The records:
══════════
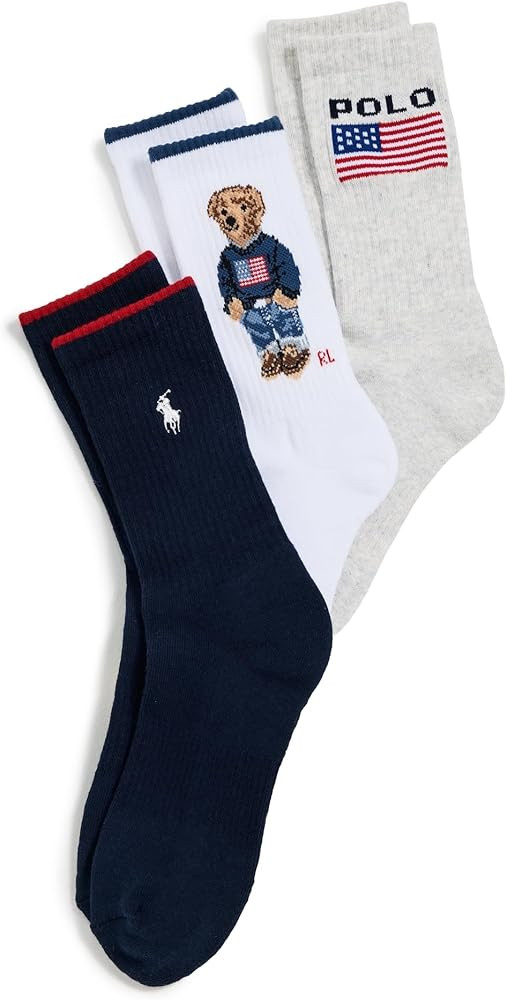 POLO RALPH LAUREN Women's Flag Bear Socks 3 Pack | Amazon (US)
══════════
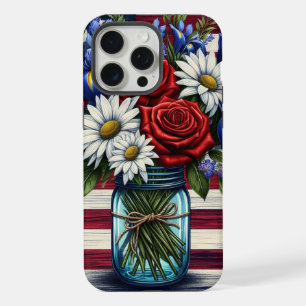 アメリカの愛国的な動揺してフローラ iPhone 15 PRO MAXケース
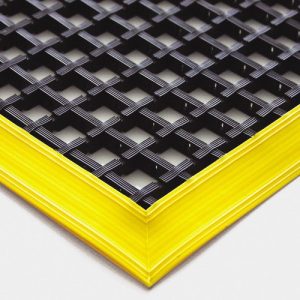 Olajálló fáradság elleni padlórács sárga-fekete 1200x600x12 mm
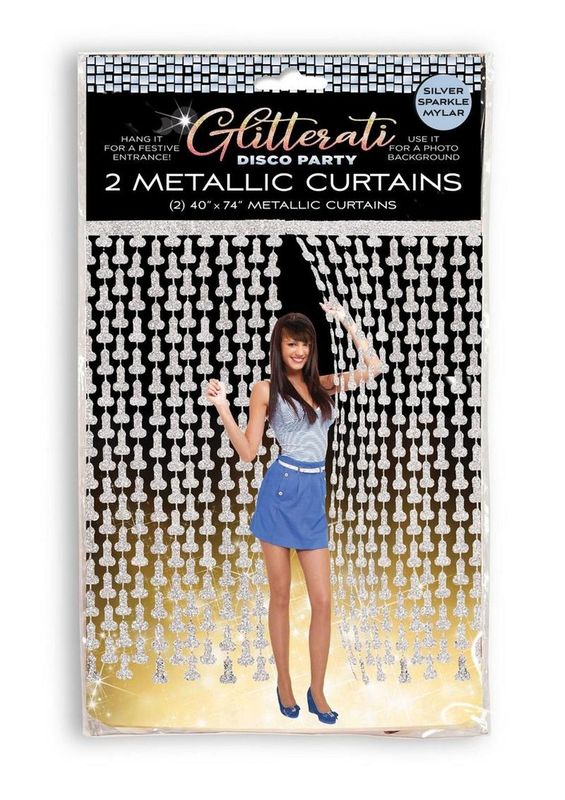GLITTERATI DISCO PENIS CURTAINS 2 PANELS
══════════
Work instruction: What's needed is an exact copy of the lines above from the one with "Olajálló fáradság elleni" through the one with "GLITTERATI DISCO PENIS CURTAINS 2 PANELS", both included; the pictures stay out.

Written solution:
 Olajálló fáradság elleni padlórács sárga-fekete 1200x600x12 mm
GLITTERATI DISCO PENIS CURTAINS 2 PANELS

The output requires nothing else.